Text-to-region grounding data

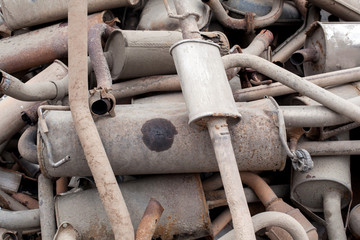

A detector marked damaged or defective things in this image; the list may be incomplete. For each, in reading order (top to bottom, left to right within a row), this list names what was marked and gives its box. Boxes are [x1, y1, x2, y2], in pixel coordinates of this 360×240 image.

bent pipe [0, 0, 138, 31]
bent pipe [202, 0, 284, 31]
bent pipe [0, 11, 114, 73]
bent pipe [18, 126, 38, 164]
bent pipe [0, 61, 67, 145]
bent pipe [0, 71, 68, 101]
bent pipe [67, 0, 134, 239]
bent pipe [88, 23, 116, 115]
bent pipe [38, 100, 286, 177]
bent pipe [222, 53, 360, 123]
bent pipe [232, 66, 360, 102]
bent pipe [0, 209, 40, 230]
bent pipe [219, 212, 310, 240]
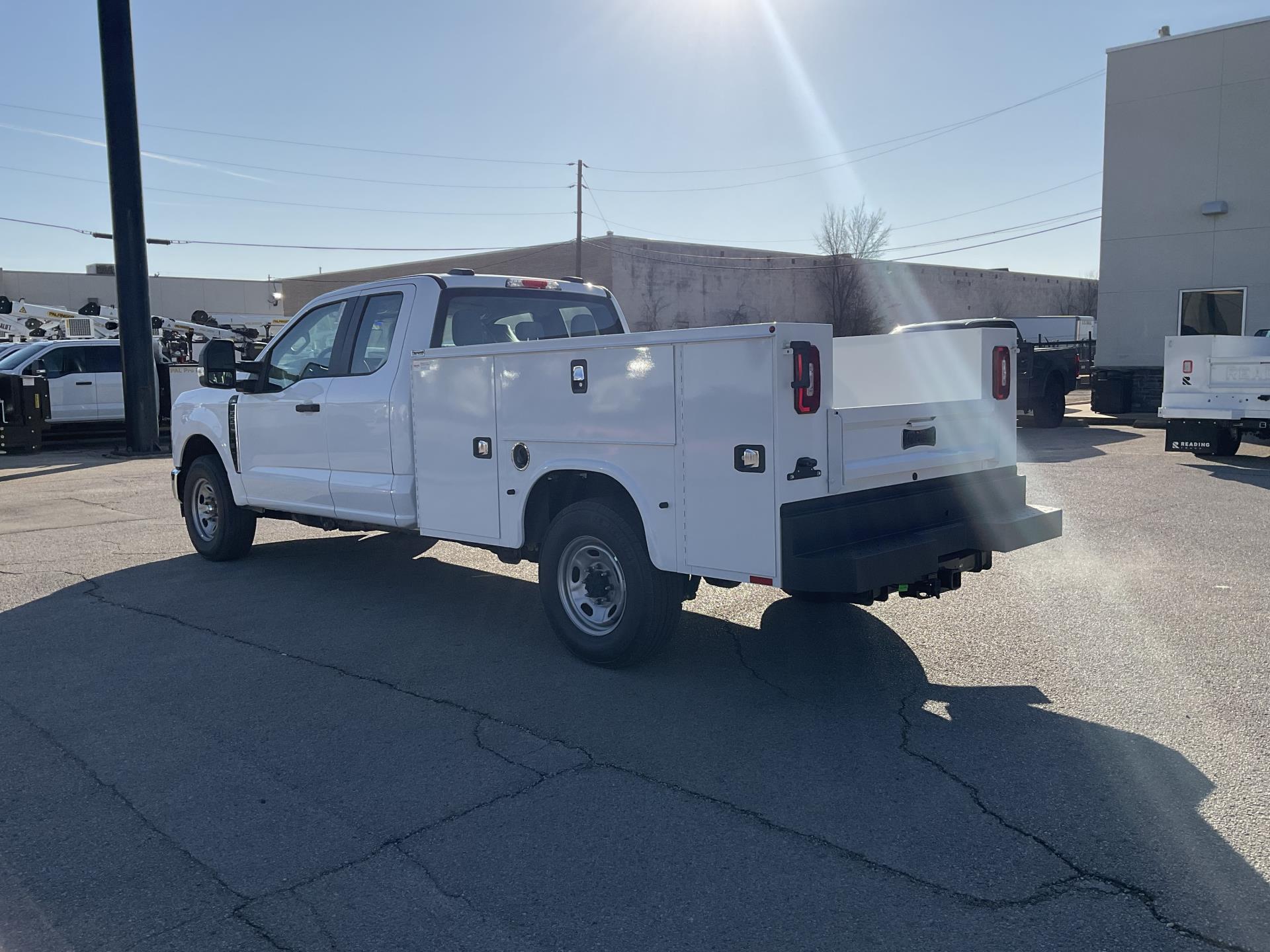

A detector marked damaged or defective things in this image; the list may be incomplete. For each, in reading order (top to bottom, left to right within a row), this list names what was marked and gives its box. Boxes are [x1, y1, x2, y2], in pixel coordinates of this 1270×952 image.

cracked pavement [2, 428, 1270, 949]
pavement crack [899, 685, 1254, 949]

Task item: Return, without any change, only the lines from the one containing "this 1270×952 image." through the last line of the entries above.

Answer area:
A detector marked damaged or defective things in this image; the list may be incomplete. For each, in reading order (top to bottom, left to right within a row), this list names what was marked and gives its box. Boxes are [x1, y1, x2, y2], in pixel coordinates of this 1270×952 image.

cracked pavement [2, 428, 1270, 949]
pavement crack [899, 685, 1254, 949]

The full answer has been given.